DOJ steps up Mar-a-Lago probe with plans to question team that found classified docs in storage unit
President Donald Trump walks from the west wing of the White House to Marine One in 2017. (Shutterstock.com)
January 10, 2023
The Department of Justice has stepped up its investigation of Donald Trump's handling of classified documents with plans to question individuals who searched his property at Mar-a-Lago at the end of last year.
That search turned up additional documents with classified markings, months after FBI agents seized highly sensitive materials that had been sought by the National Archives, but DOJ is unsatisfied with the broad explanation given by Trump's lawyers at the time, reported The Guardian.

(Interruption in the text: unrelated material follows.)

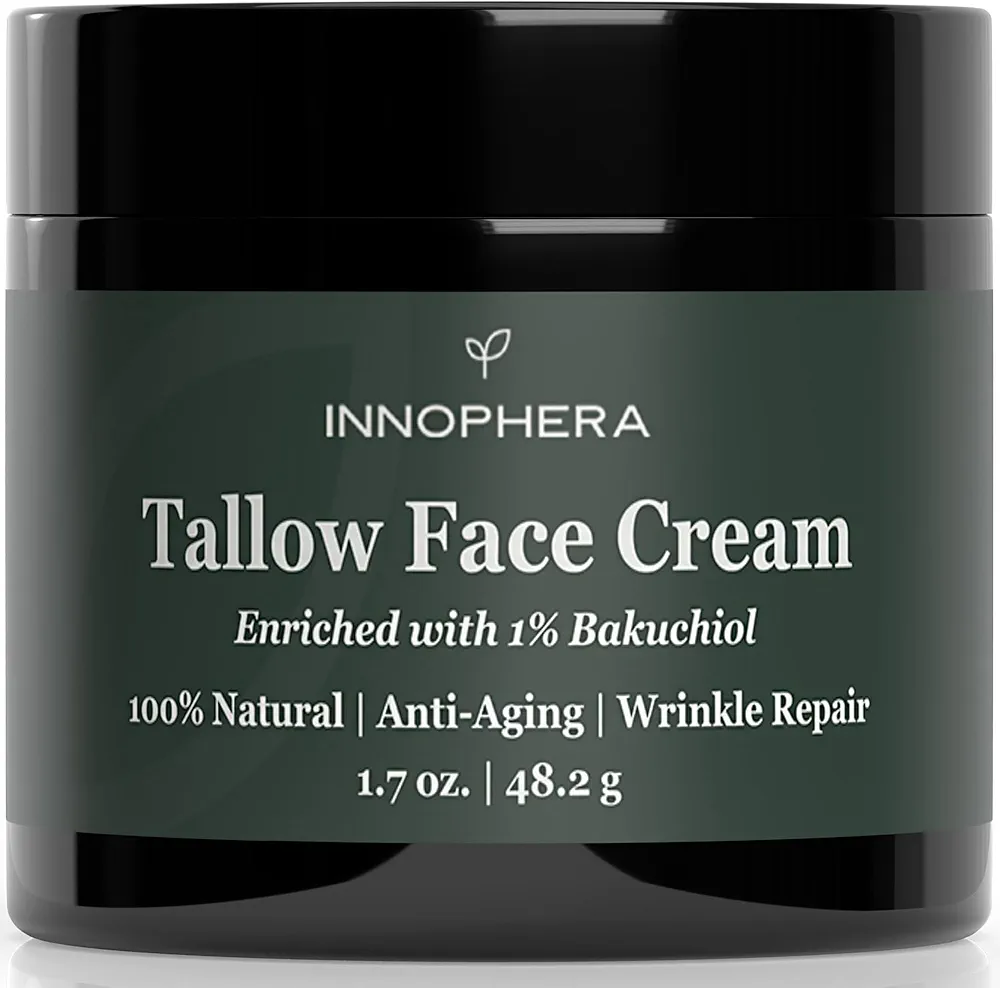 Whipped Beef Tallow Face Anti-Aging Cream ‒ With 1% Bakuchiol ‒ 100% Natural Wrinkle Repair & Moisturizing Face Cream for Sensitive Skin ‒ Unscented ‒ 1.7 oz.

DOJ lawyers persuaded a federal judge to require Trump's lawyers to provide the names of the individuals who retrieved the documents with an intent to directly question them, according to sources familiar with the matter.
The department notified Trump's attorneys in October it suspected the former president still had classified documents at his properties, even after the Aug. 8 search at Mar-a-Lago that turned up hundreds of sensitive government materials, and his legal team eventually agreed to retain an outside firm to conduct the search at Trump Tower, Bedminster golf club, Mar-a-Lago and a storage unit in Florida.
The search of the storage unit, which was conducted by a company described as a known entity to Trump, turned up at least two more documents with classified documents that his lawyers immediately turned over to prosecutors.
The Justice Department then asked U.S. district court judge Beryl Howell to hold Trump's office in contempt of the first subpoena issued in May demanding the return of all such materials, and the department's lawyers then filed a motion to compel the names of the individuals who conducted the search, which DOJ declined to oversee.
Prosecutors seeking judicial intervention shows a newly aggressive turn by special counsel Jack Smith, who has been overseeing Trump investigations for the DOJ since the former president announced his 2024 campaign.